POR IGNACIO VIDAL-FOLCH

Aparece a la vuelta de la esquina de Casanova y Mallorca, sereno y perfectamente adaptado al paisaje urbano barcelonés, César López Rosell, en compañía de su mujer y de un niño que debe de ser su nieto. Van hablando y César no me ha visto, ni yo tenía nada que decirle, y así nos hemos cruzado de manera casual y quizá por última vez, quién sabe. ¿Pero qué hacía este cumplido periodista a media mañana de un día laborable, de paseo por el Ensanche en vez de estar en la redacción de El Periódico, dirigiendo el área de Cultura y Espectáculos como lo ha hecho, o como lo hacía cuando lo conocí, y durante muchos años? Ah, ya caigo: han pasado las décadas, está jubilado y de ahí esa actitud apacible como de disponer de su vida y no estar presionado por las horas. Ya es otro marino que perdió la gracia del mar.
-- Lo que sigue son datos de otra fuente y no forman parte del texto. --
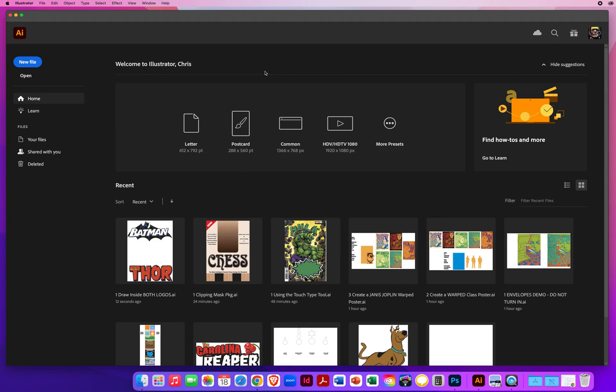In a previous demo, I showed you how clipping masks work, and it's a great way to edit out the surrounding areas of a photograph. But I also want to show you another method for creating clipping masks, which is using the Draw Inside feature.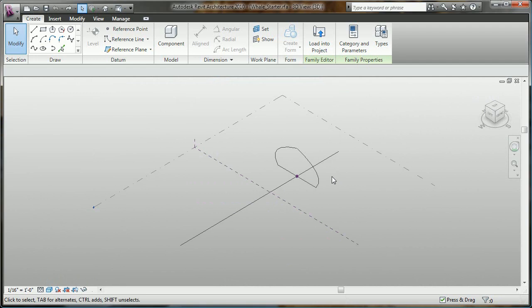This is the new massing environment for conceptual design in Revit Architecture 2010. Immediately you'll notice the same ribbon-based UI that you just saw in AutoCAD Architecture.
Y pensar que este señor más corpulento que delgado, de mediana estatura, que ya no cumplirá setenta años, que conserva el mismo pelo lacio, como una cortina sobre el rostro salpicado de marcas de viruela, sólo que ahora es entrecano, y la misma barba, pero ahora desigual, informe, como colgándole del rostro, al pilotar con sacrificio y aplomo el operativo Carreras dio un ejemplo de pundonor profesional, y, aunque él no escribiera de modo memorable, me regaló una de esas lecciones inolvidables de periodismo y hasta escritura tout court, sí, la escritura narrativa, la escritura y su relación con las cosas —una relación devoradora—, y cómo modula la relación de las cosas con la sociedad, o sea, con el lector.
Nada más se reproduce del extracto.